Not all grief is loud.
Some of it shows up quietly — in the middle of the night, while folding laundry, or scrolling through your phone. It doesn’t come with sympathy cards or casseroles. No one asks how you’re holding up, because they don’t know there’s anything to ask about.
And the hardest part? Sometimes you don’t even know what to call it.
But you still carry it.
That’s grief.
Grief is a normal and natural emotional response to a change in a familiar pattern. It’s not just about death or the end of a relationship.
Maybe it’s something you hoped for that didn’t happen.
Or the loss of a version of yourself you don’t see or feel anymore.
Maybe it’s a friendship that faded, a dream you let go of, or the slow ache of a body that’s changed in ways you didn’t choose.
You might just say you feel “off,” or “low,” or “tired.”
But underneath that is something deeper.
Something heavy, but invisible.
Something that doesn’t always have words.
Even the people closest to us may not recognize what’s happening.

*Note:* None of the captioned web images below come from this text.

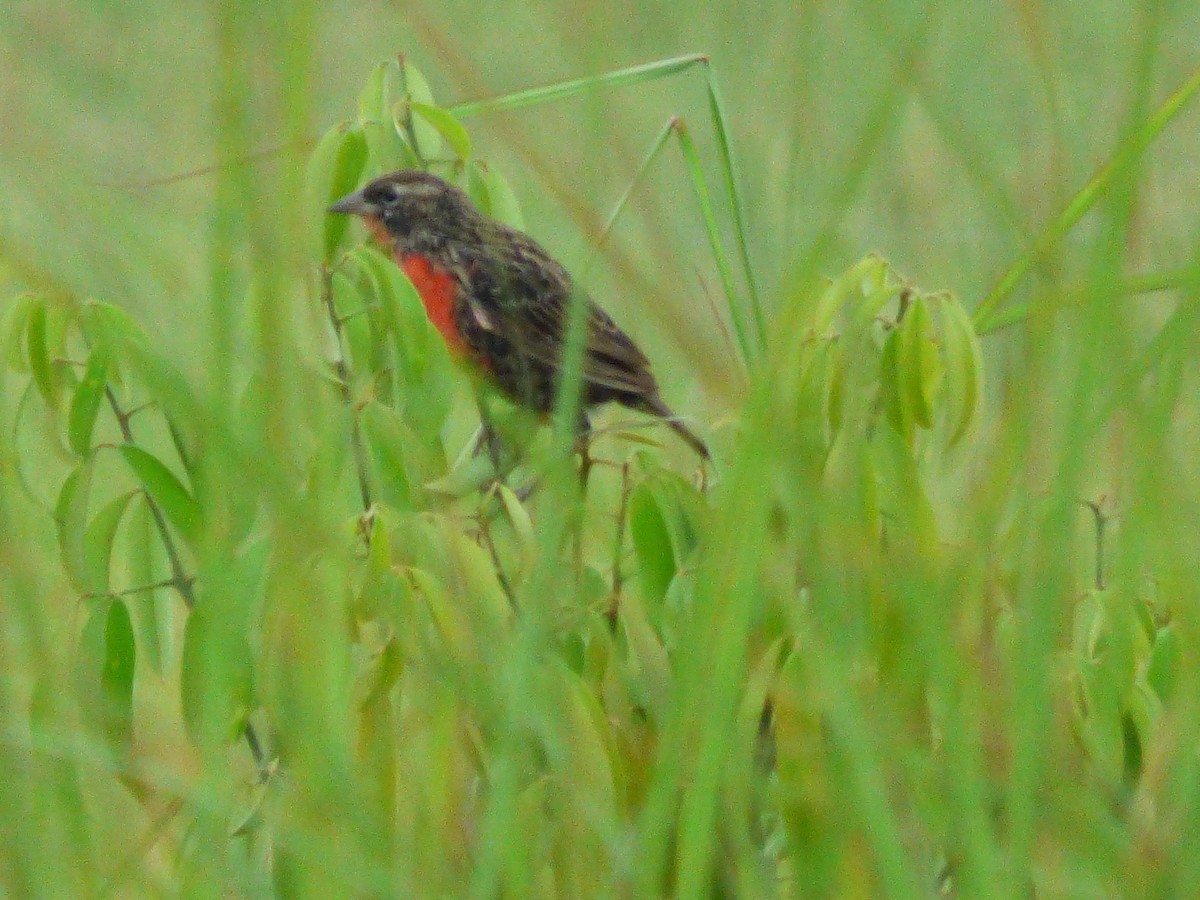 Red-breasted Meadowlark - ML645569571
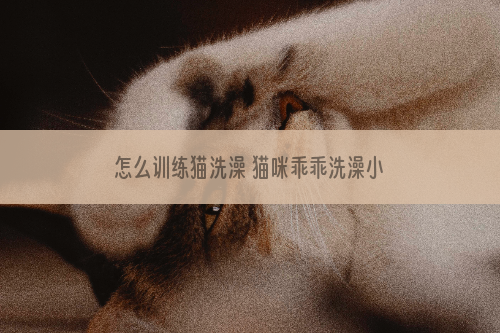 怎么训练猫洗澡 猫咪乖乖洗澡小技巧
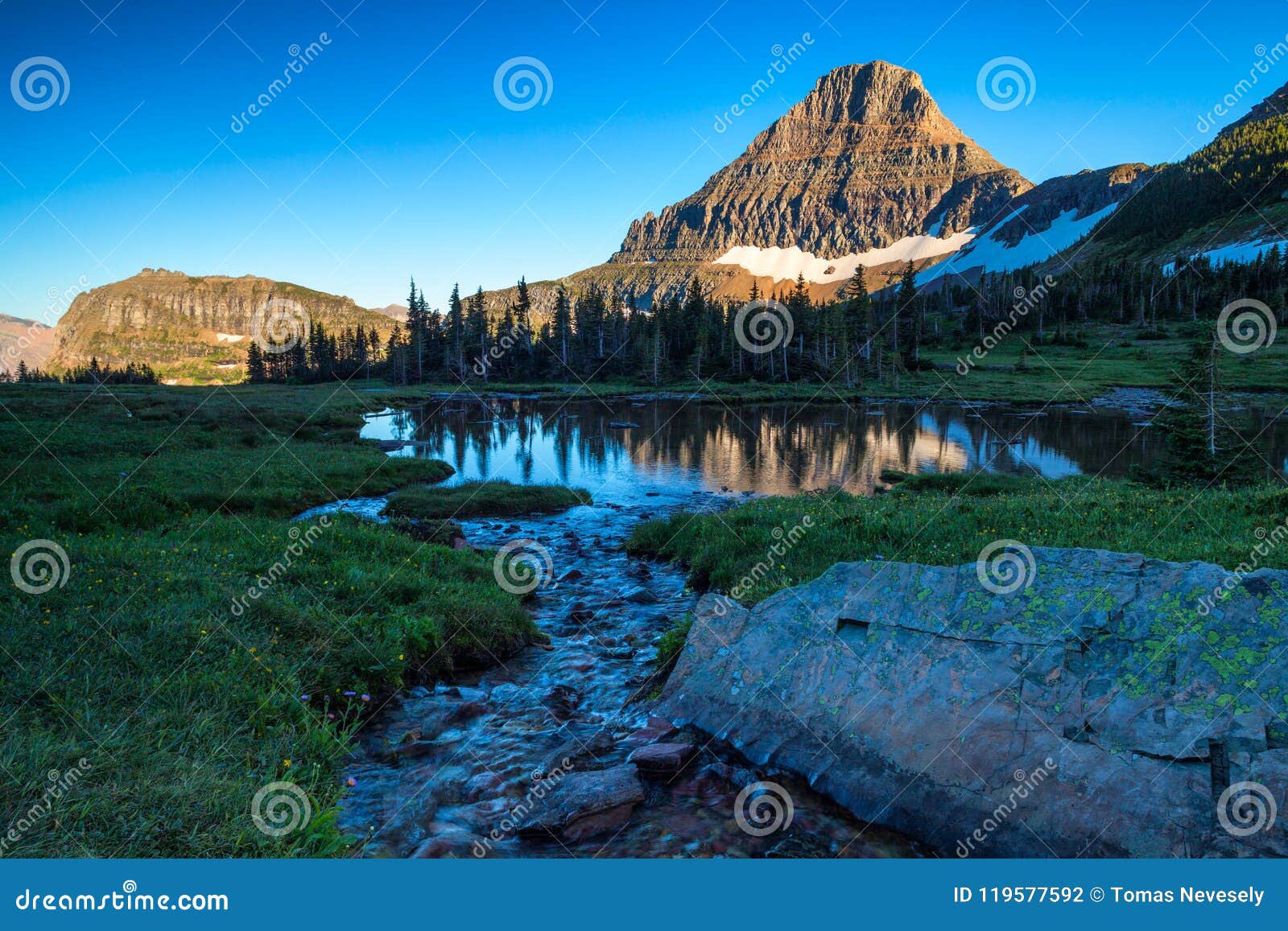 reynolds mountain in the logan pass area of glacier national park, montana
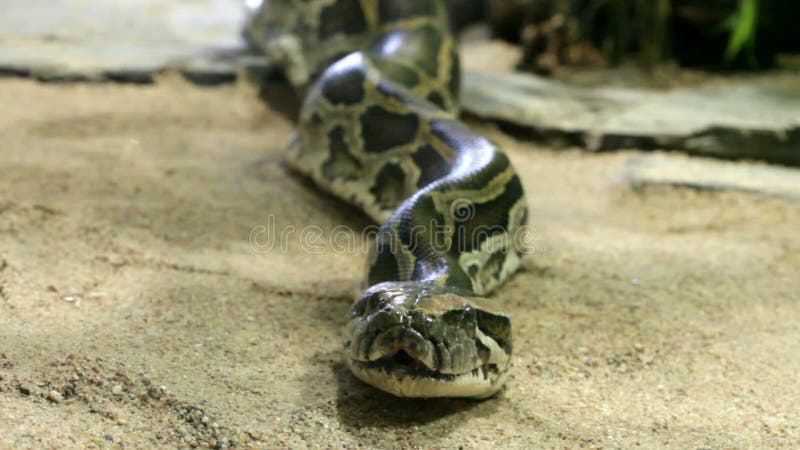 网状的Python关闭，徒升 影视素材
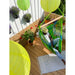 Domingo Lime - Weather-Resistant Comfort Hammock Chair – person seated on a decorated balcony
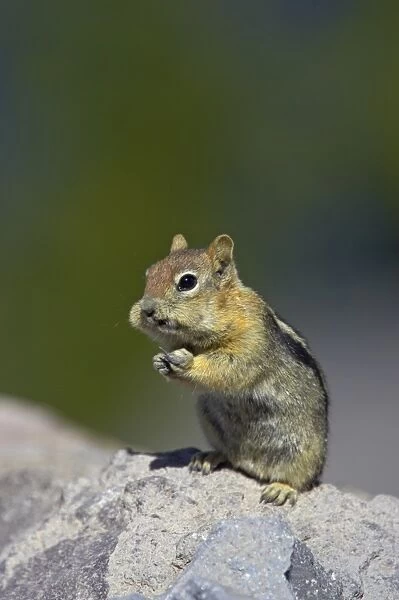 Golden-mantled Ground Squirrel (Spermophilus lateralis) adult, feeding, filling cheek pouches, sitting on rock, Crater Lake N. P. Oregon, U. S. A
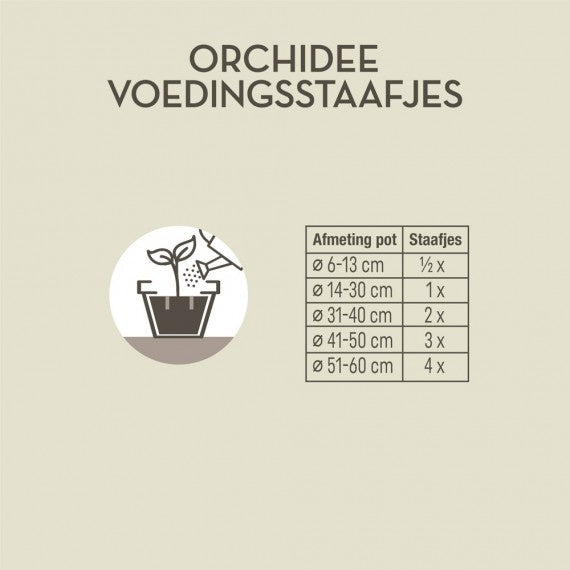  ORCHIDEE PLANTEN VOEDINGSSTAAFJES 24 STUKS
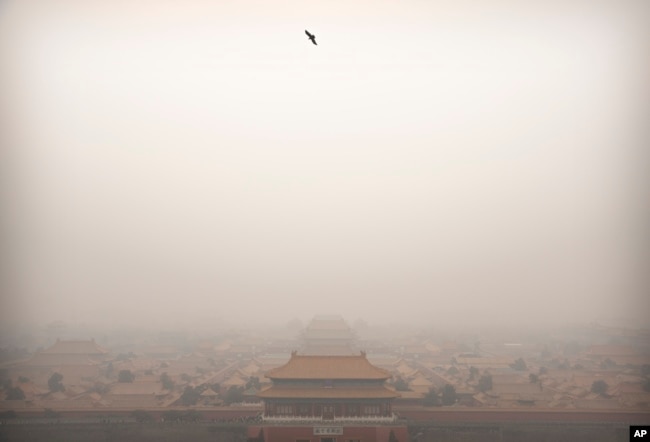 Seekor burung terbang di atas Kota Terlarang pada hari dengan tingkat polusi udara yang tinggi di Beijing, China, 18 Januari 2020. (Foto: AP)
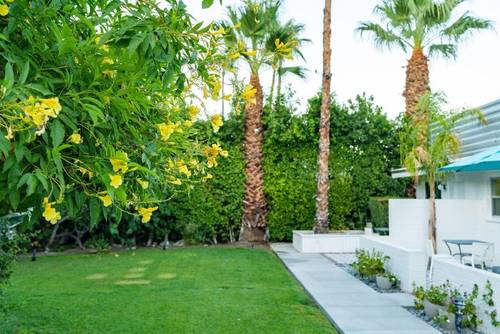 BelleVue Oasis-Palm Springs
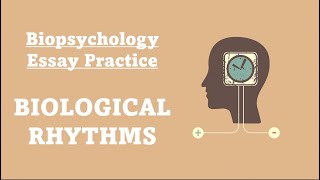 ESSAY PRACTICE Biological Rhythms [upl. by Hsakiv792]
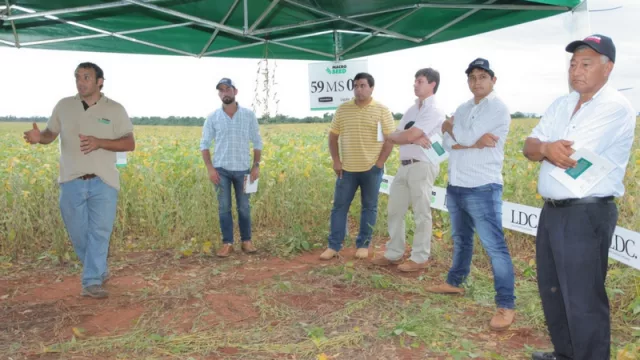 Macro Seed presentó su nueva variedades de soja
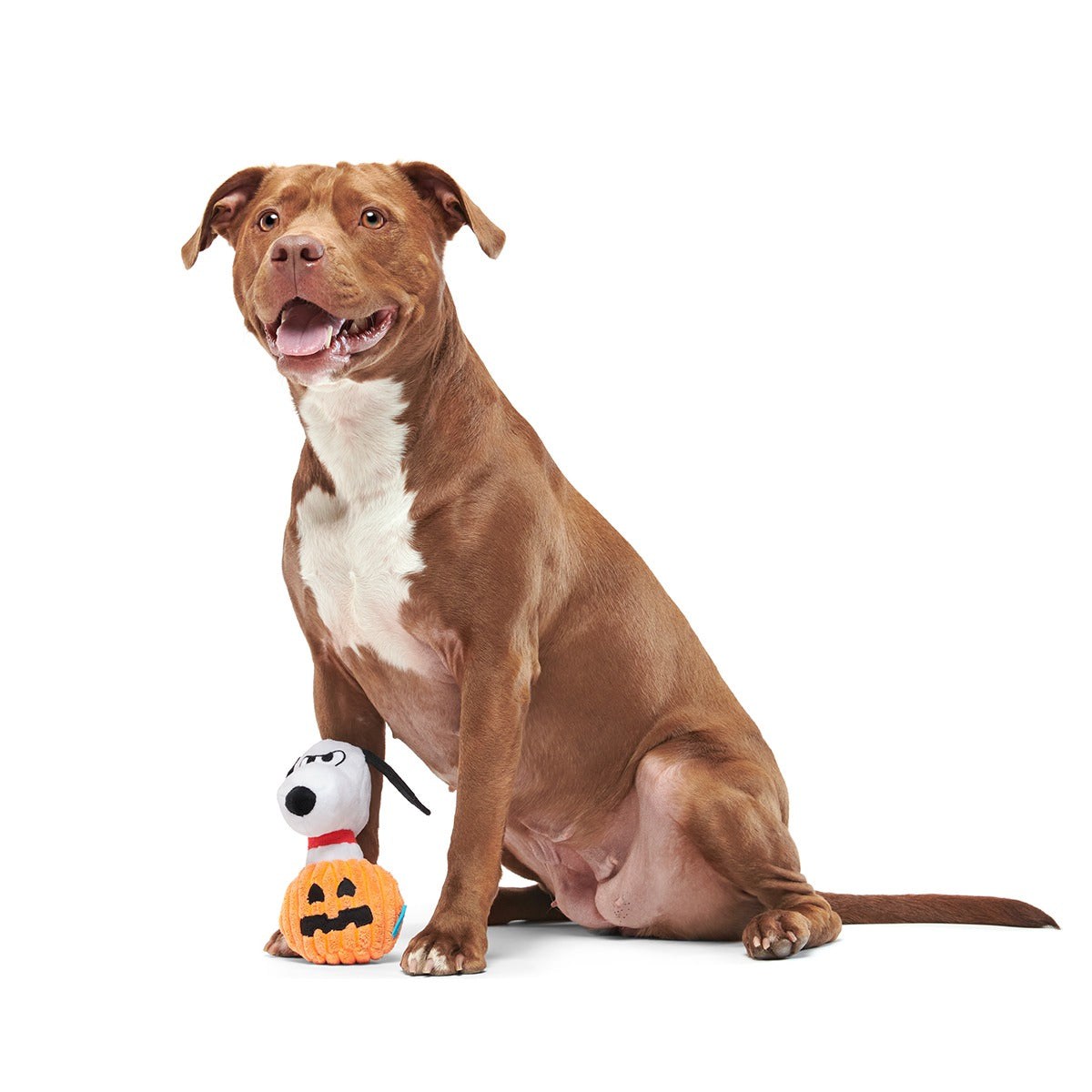 The Amazing BatDog Plush Tug Dog Toy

That’s what I mean by the grief no one sees.
It’s real — even if no one else notices.
It matters — even if it’s hard to name.
And it’s worth pausing to acknowledge.
You don’t have to explain it.
You don’t need to justify how you feel.
Sometimes it’s enough just to say, “This is hard,” and have someone nod and say, “Yeah, I get it.”
If you’ve been carrying that kind of quiet grief — the kind that doesn’t get much recognition — I just want to say: I see you.